▶ **What you should do**:
The answer must be an exact copy of the lines from the one with "Bild des Verkufers" through the final line of the records below, with no pictures.

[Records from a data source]
╔══

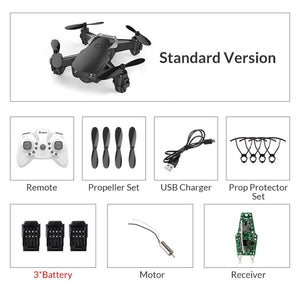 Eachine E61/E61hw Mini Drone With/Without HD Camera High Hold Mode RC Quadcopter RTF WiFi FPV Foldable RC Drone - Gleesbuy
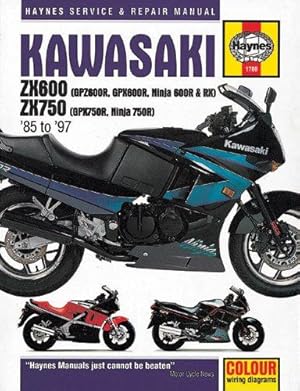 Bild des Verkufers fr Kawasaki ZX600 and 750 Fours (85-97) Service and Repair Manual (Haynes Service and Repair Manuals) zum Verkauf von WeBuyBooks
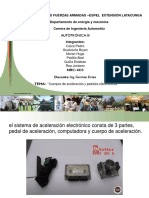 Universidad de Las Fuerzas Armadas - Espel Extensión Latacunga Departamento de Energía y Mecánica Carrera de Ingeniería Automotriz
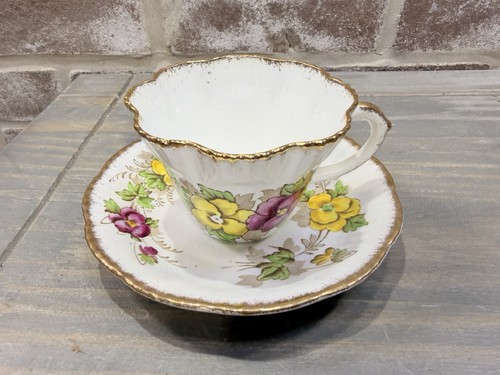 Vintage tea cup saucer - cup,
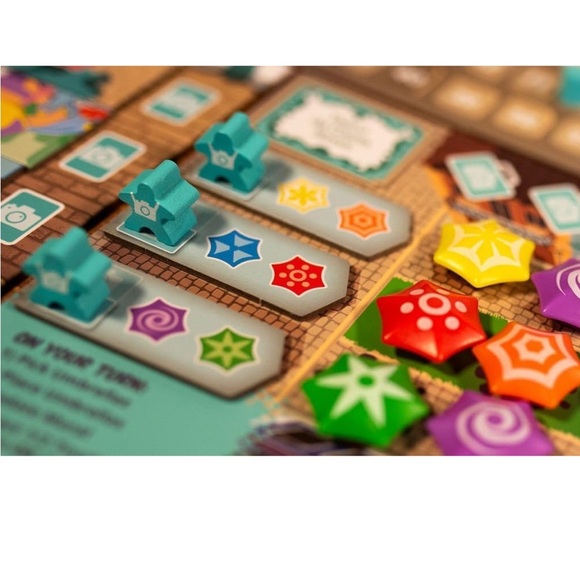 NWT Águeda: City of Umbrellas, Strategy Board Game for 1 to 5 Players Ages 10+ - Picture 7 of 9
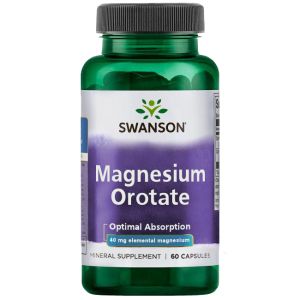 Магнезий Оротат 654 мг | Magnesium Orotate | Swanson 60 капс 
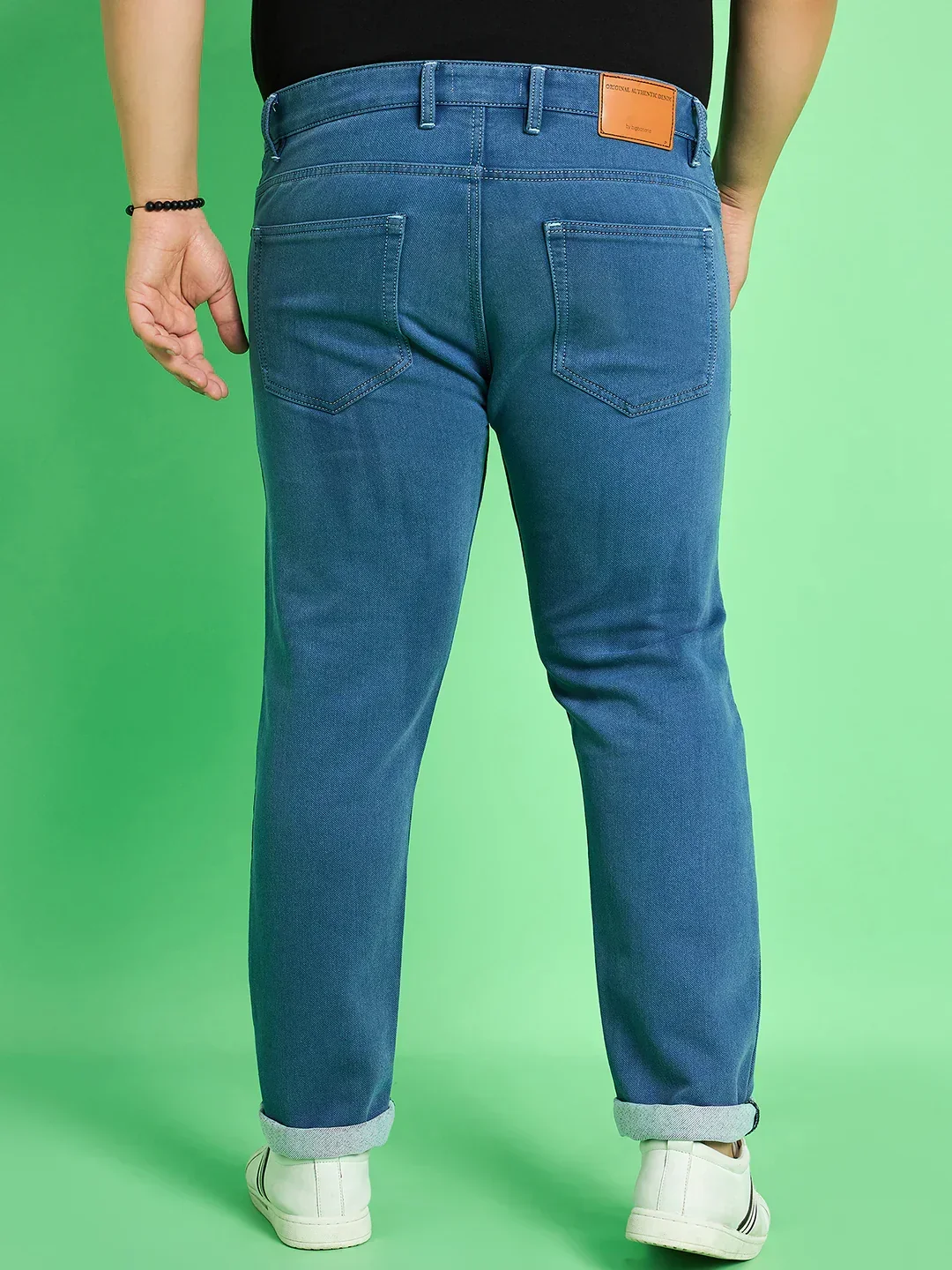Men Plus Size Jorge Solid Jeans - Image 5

╚══

▶ **Answer to this problem**:
 Bild des Verkufers fr Kawasaki ZX600 and 750 Fours (85-97) Service and Repair Manual (Haynes Service and Repair Manuals) zum Verkauf von WeBuyBooks
 Universidad de Las Fuerzas Armadas - Espel Extensión Latacunga Departamento de Energía y Mecánica Carrera de Ingeniería Automotriz
 Vintage tea cup saucer - cup,
 NWT Águeda: City of Umbrellas, Strategy Board Game for 1 to 5 Players Ages 10+ - Picture 7 of 9
 Магнезий Оротат 654 мг | Magnesium Orotate | Swanson 60 капс 
Men Plus Size Jorge Solid Jeans - Image 5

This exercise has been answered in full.